Let's see the percentage. I don't have that number for you. The levels, I think, were very substantially higher than the levels that were disclosed under ASTEROID, I can say that to you. In the ASTEROID study, the levels of P1NP, it based on reality seen they had a 60-some percent increase, they're off a really long base. This base is higher than the induced level seen in adults, all right? That's the base. And so the levels are, as I said, were -- the [indiscernible] of the curve for the change was eightfold greater. So I don't have a number on percentage of patients, but I could tell you there's a lot more P1NP being made than you were seeing in the adult data.

And one follow-up from us. Is there a threshold for increase in lumbar spine BMD that correlates with decreased fracture rates?

I'm not familiar with any particular threshold. What I can say is if you look at all the clinical studies done with various agents that the 8% to 10% range has been associated with an improvement in fracture rates that exists. So just that much is enough to show a difference in fracture rate, if you look at all the other mechanisms of drug and outcome. So I think that the level we're achieving is already at the level required to show an improvement in fractures.

Our next question comes from the line of Kristen Kluska of Cantor Fitzgerald.

There was a comment in the press release striking observations on DXA scan. I know today was focused on the lumbar spine data, but curious if the physicians are looking beyond lumbar at this stage and continued follow-up as part of these comments in the PR?

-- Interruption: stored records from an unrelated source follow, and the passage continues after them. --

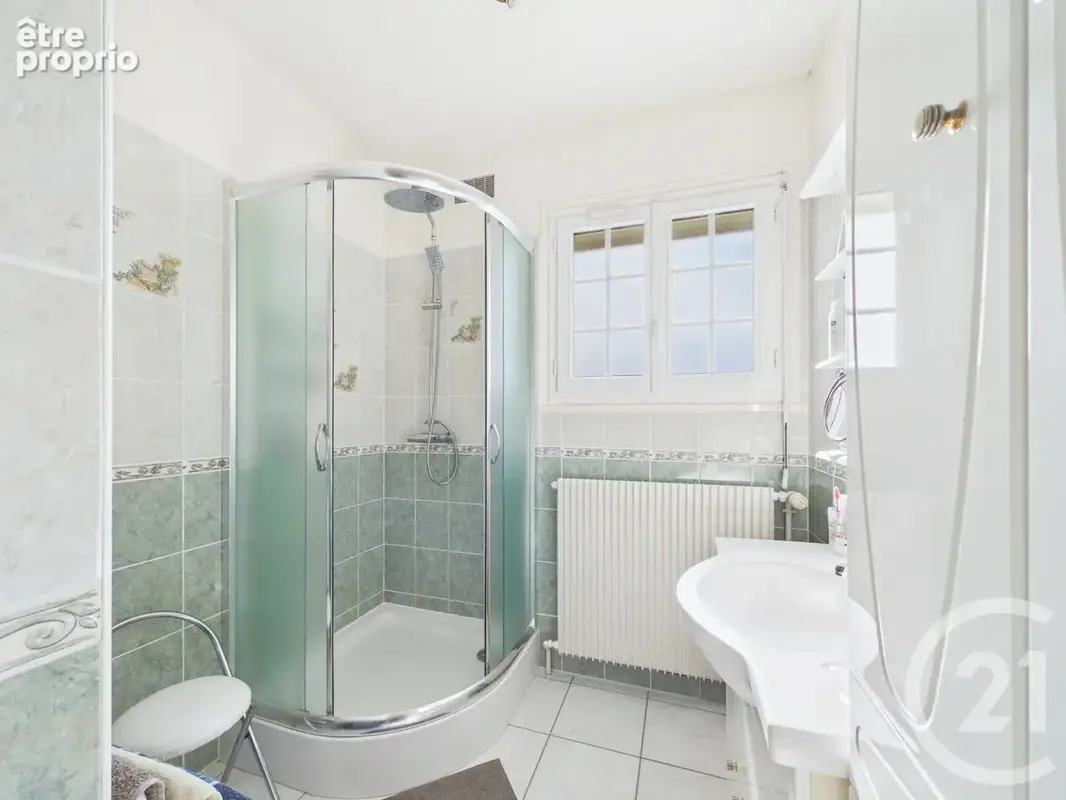 Maison 5 pièces 84 m² à vendre à Chartres (28000) - photo 7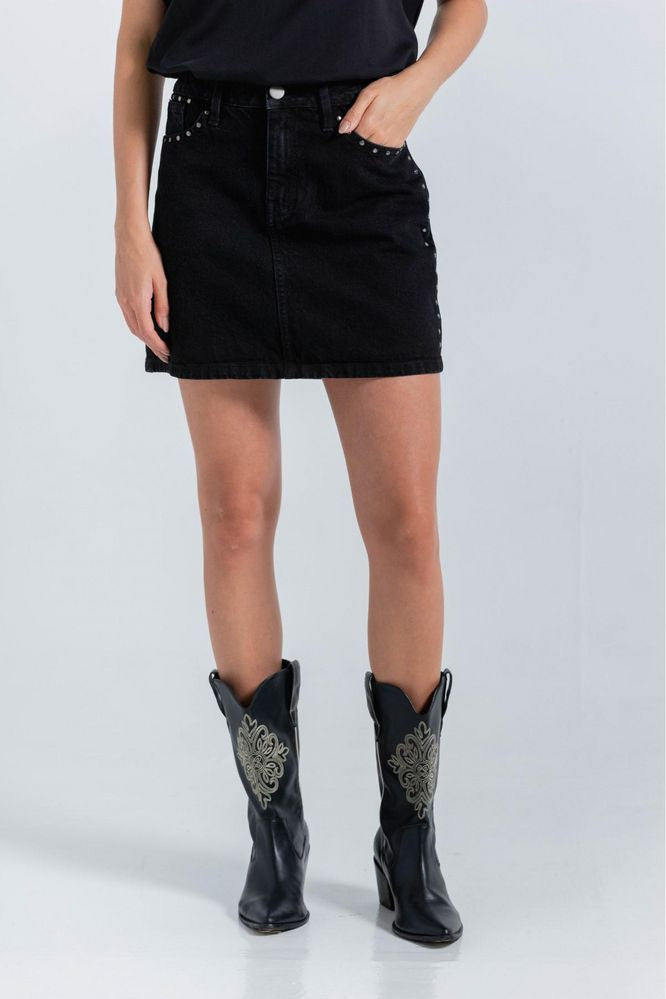 Falda-Corta-Con-Tach-ARKITECT-02174-3726427_a.jpg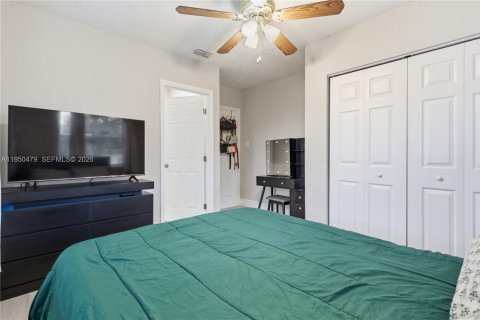 Снять в аренду виллу или дом в Тампа, Флорида 2 спальни, 93.55м2, № 2027815 - фото 18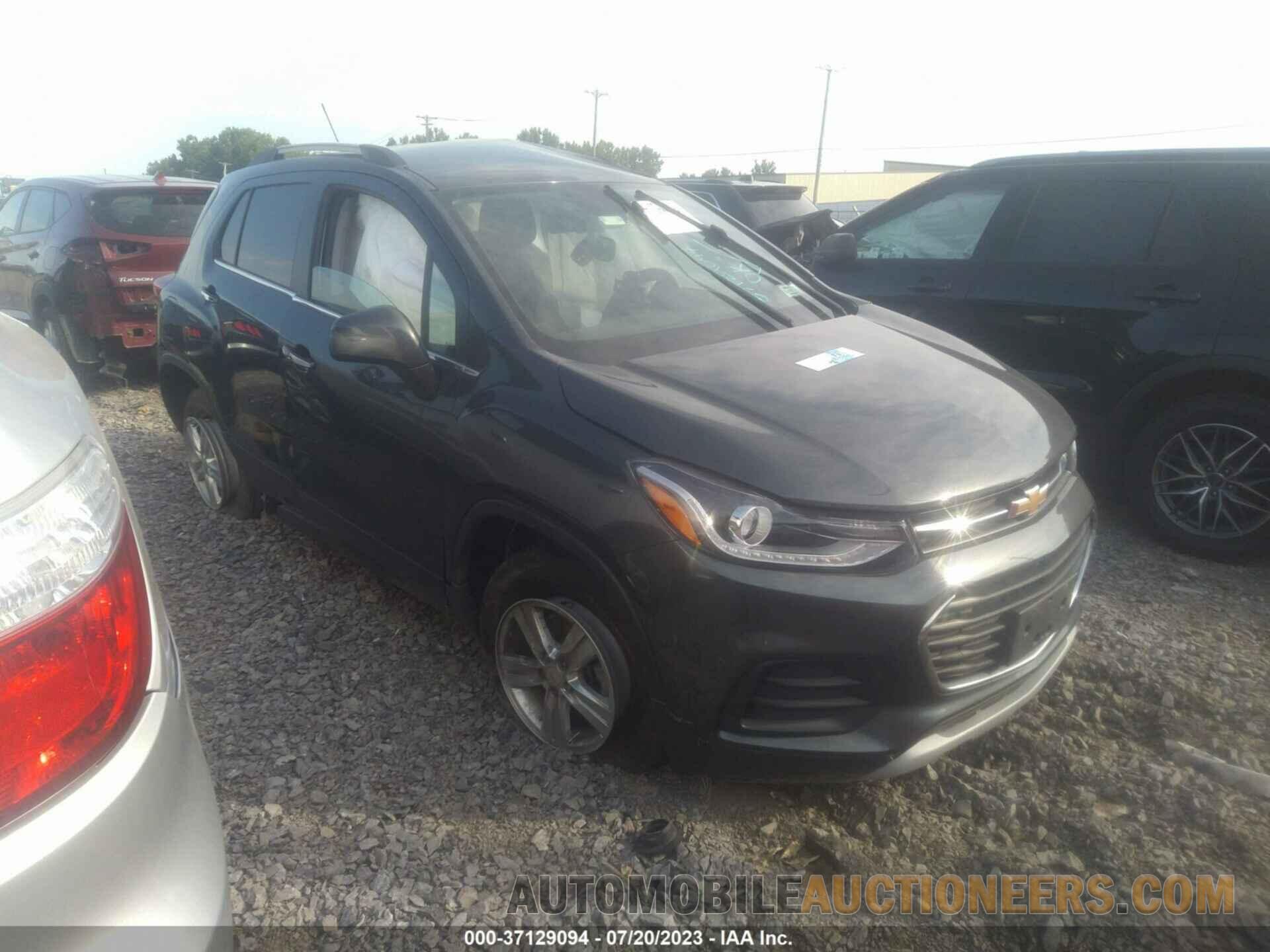 KL7CJPSB8JB648285 CHEVROLET TRAX 2018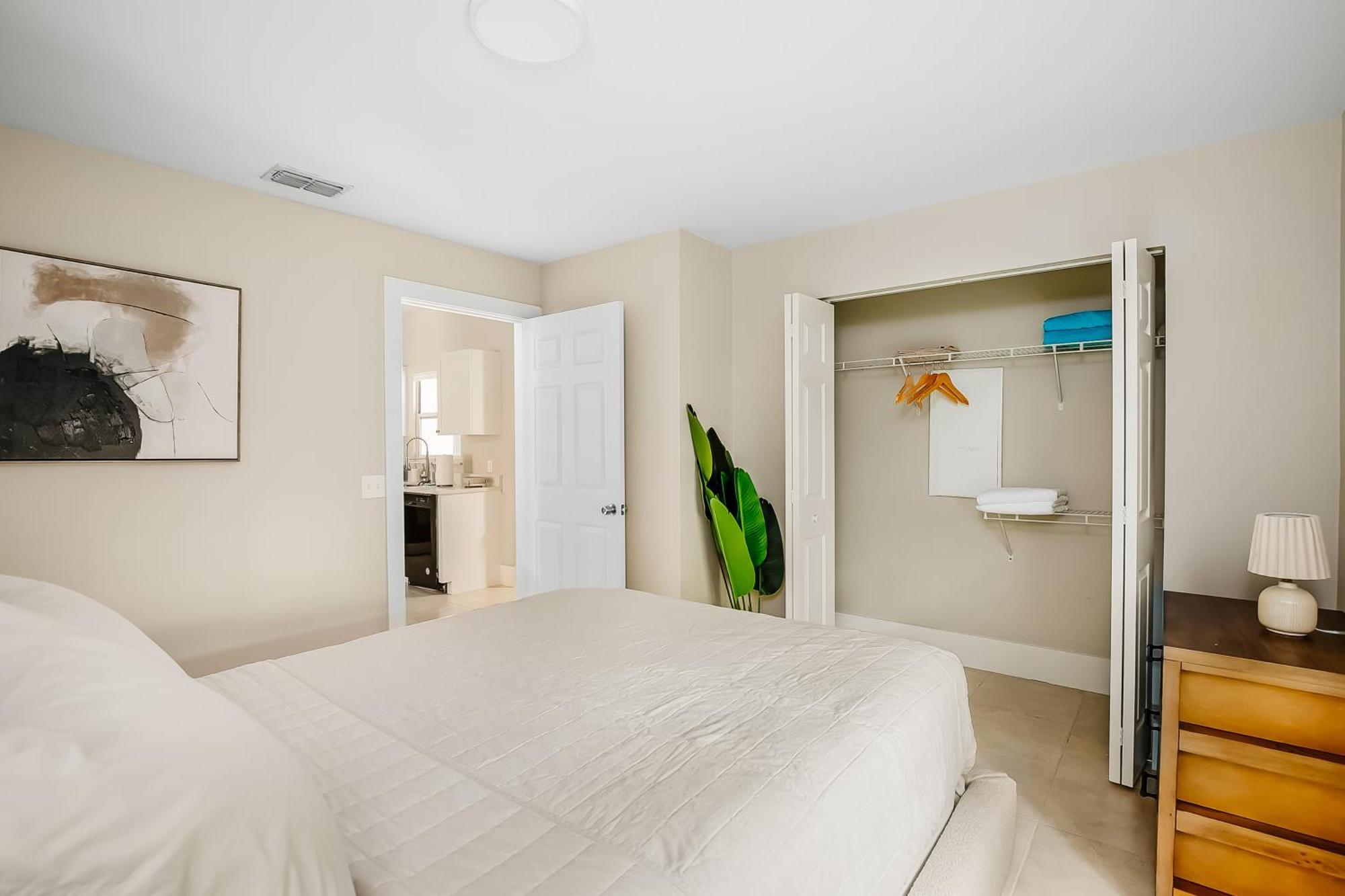 Unique Pool - Mykonos! 2miles To Downtown Attached * Naples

Yes, we've spent lumbar because it's just the easiest one to measure accurately because of the amount of tubercular bone there. But the comment from the investigator was looking at the data he sees in his comment saying that the effects on DXA scans across the patient is striking in terms of what he's seen. And he's comparing to what he saw with bisphosphonates. So I think he was just capturing his views on who's having a bigger effect he's ever seen with bisphosphonates and is encouraged by them.

Any follow-up, Kristen, or is that it?

No, thank you.

Thank you. I would now like to turn the conference back to Joshua Higa for closing remarks. Sir?

Thank you. This concludes today's call. If there are additional questions, please contact us by phone or at [email protected]. Thank you for joining us.

Thank you for participating. You may now disconnect.